20年は、「Stakeholders for a Cohesive and Sustainable World(ステークホルダーがつくる持続可能で結束した世界)」をメインテーマに据え、世界各国の首脳や閣僚、学界や産業界から名だたるメンバーの計約2800人が、人口約1万1000人の小さな街に集結し議論が重ねられた年であった。
時田はSAP、アクセンチュア、HP、エリクソンなど名だたるグローバル情報通信企業の経営トップが、今後のIT産業の方向性について議論する「ICT Governors Meeting」に参加。

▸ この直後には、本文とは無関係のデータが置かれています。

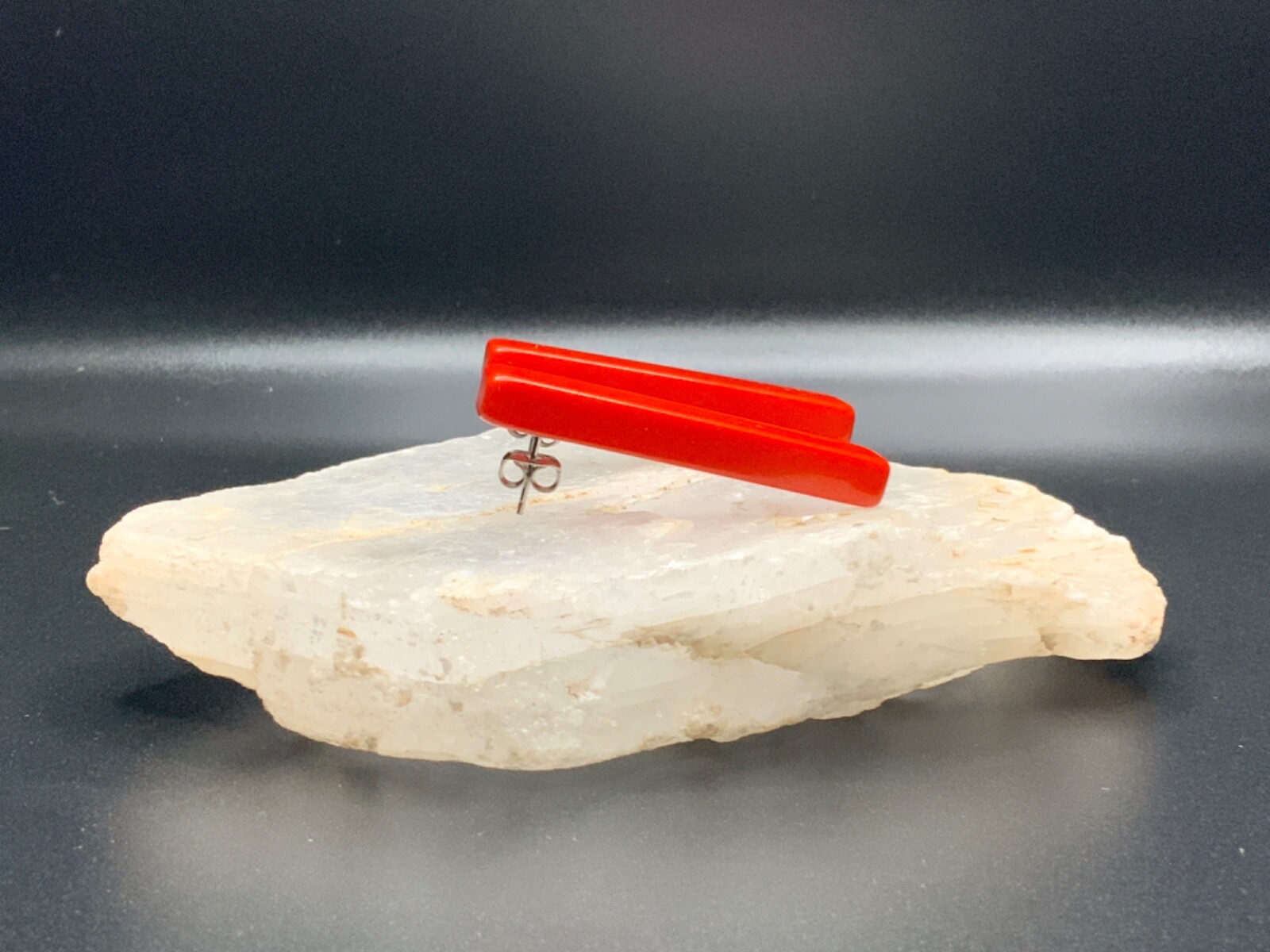 Retro Red Rectangular Plastic / Acrylic Earrings … - image 7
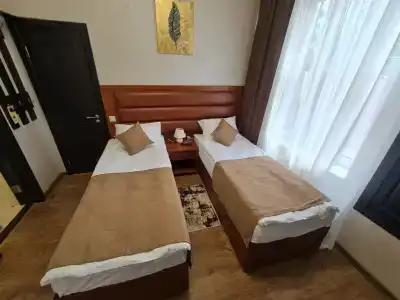 Зеркальный - 9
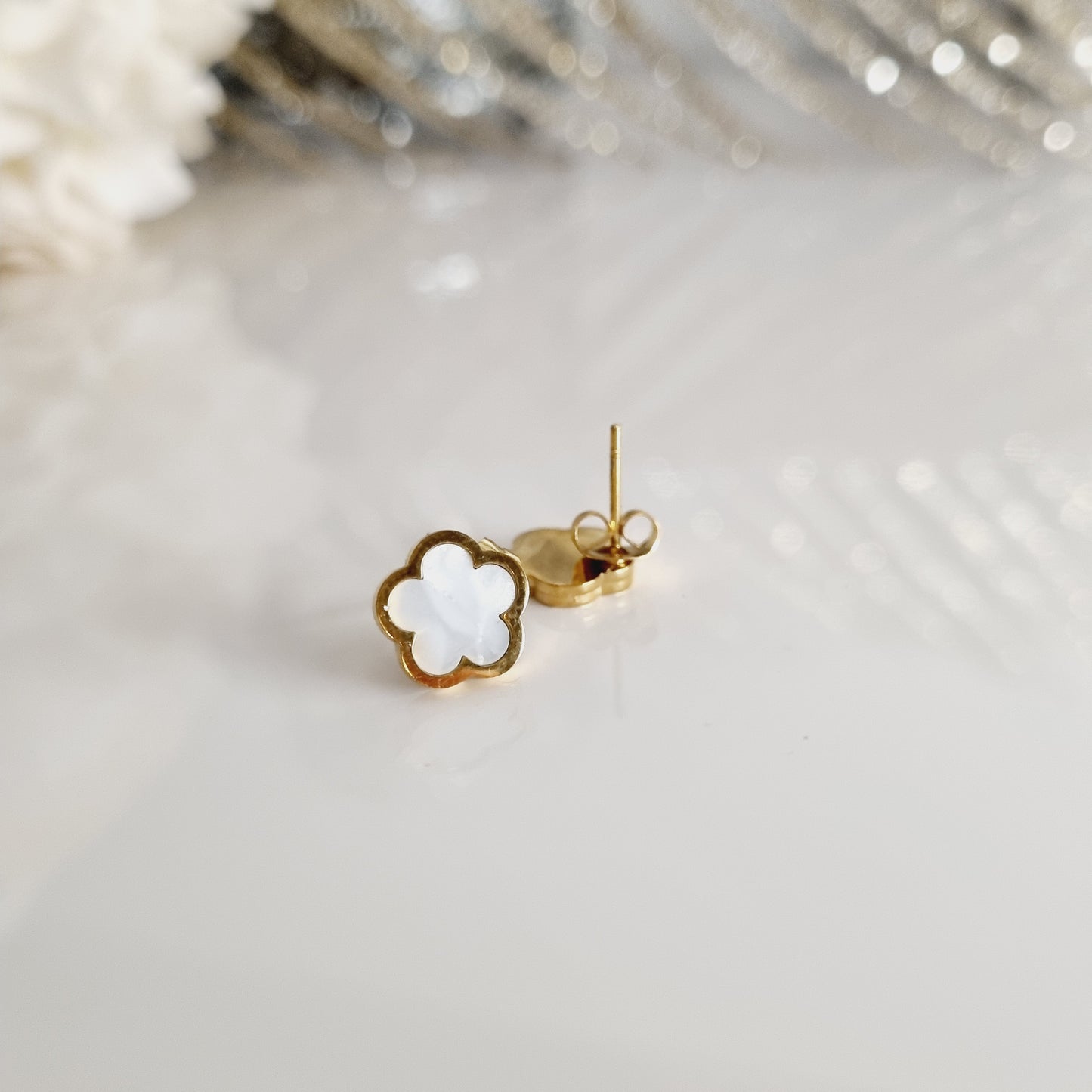 Boucles d'oreilles dorées avec fleur à pièrre blanche nacrée Acier inoxydable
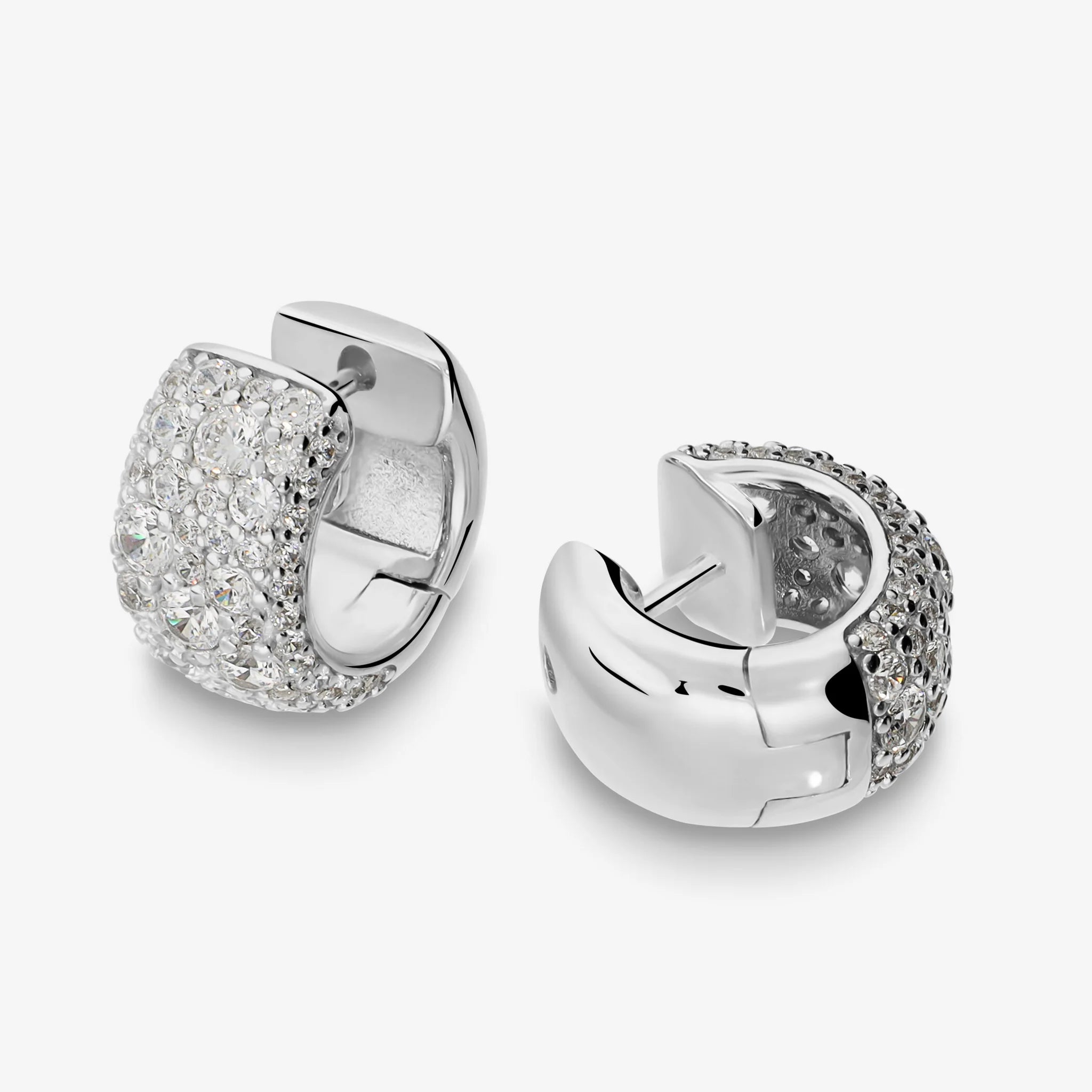 Orecchini a Cerchio in Argento 925 placcato Platino con Pavé di Cubic Zirconia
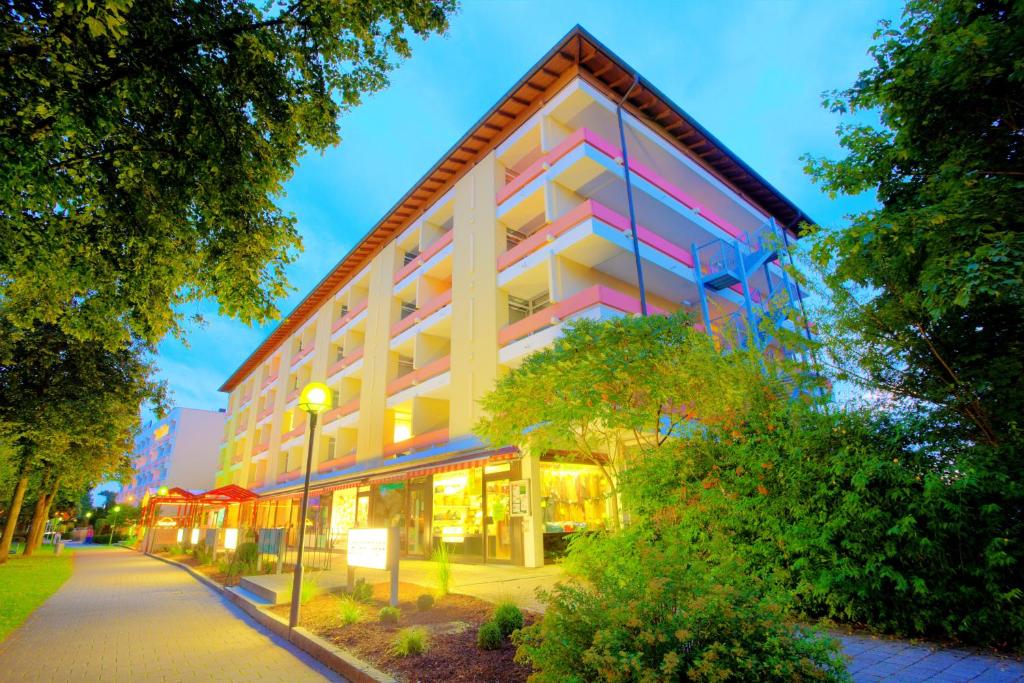 Kurhotel Panland Thermalbadstr. 14, 94072 Bad Füssing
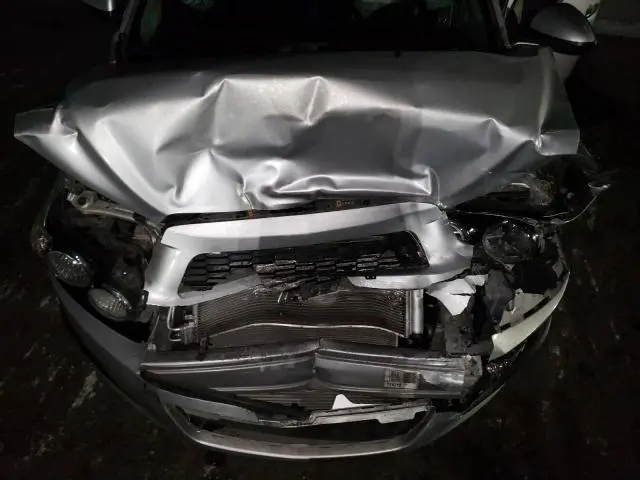 2013 CHEVROLET SONIC LT  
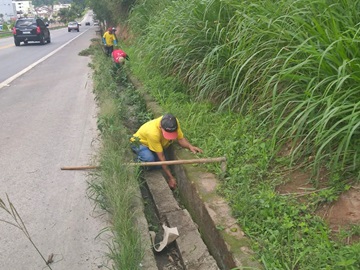 Margem de Rodovia Federal recebe limpeza em Marechal Floriano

IoT、エッジ、クラウドコンピューティング、AI(人工知能)、そして、それらを組み合わせたユビキタス知能の将来の発展などについて、その市場形成やステークホルダー間の連携の機会とリスクについて意見が交わされた。
その議論の中で、時田は衝撃を覚える。
各社のCEO(最高経営責任者)が熱を持って語っているのは、これらのテーマに関する技術論やそれらの活用方法だけではなく、その先にある社会や人の暮らし、そしてそこに横たわっているであろう社会課題の解決であった。
「自社商品の先に社会課題解決がある」という考え方
「5Gを普及させる以前に、世界には3Gや4Gすら使えていない人がいる。そうしたデジタルデバイド(格差)の要因ともいえる貧困をどう撲滅するのか」――。話題は、そんな領域まで広がりを見せた。
「彼らは事業を語るときに、必ず社会課題やサステナビリティについて考えています。ビジネスを通じたグローバルな社会課題の解決を、自社の存在意義(パーパス)として言及しており、正直なところ大きな衝撃でありながらも、とても共感を覚えました」と時田は述懐する。
例えば、SAPはその企業の存在意義を「サステナビリティを中心として、より良い世界の実現と人々の生活の向上を支援すること」としており、そのイネーブラー(目的達成のための人・組織・手段)として自社の商品を位置付け、その事業運営を目的実現のための模範となることと定めている。つまり、グローバルIT企業でありながら、社会課題の解決を戦略の中に織り込んでいる企業へと変革が進んでいたのである。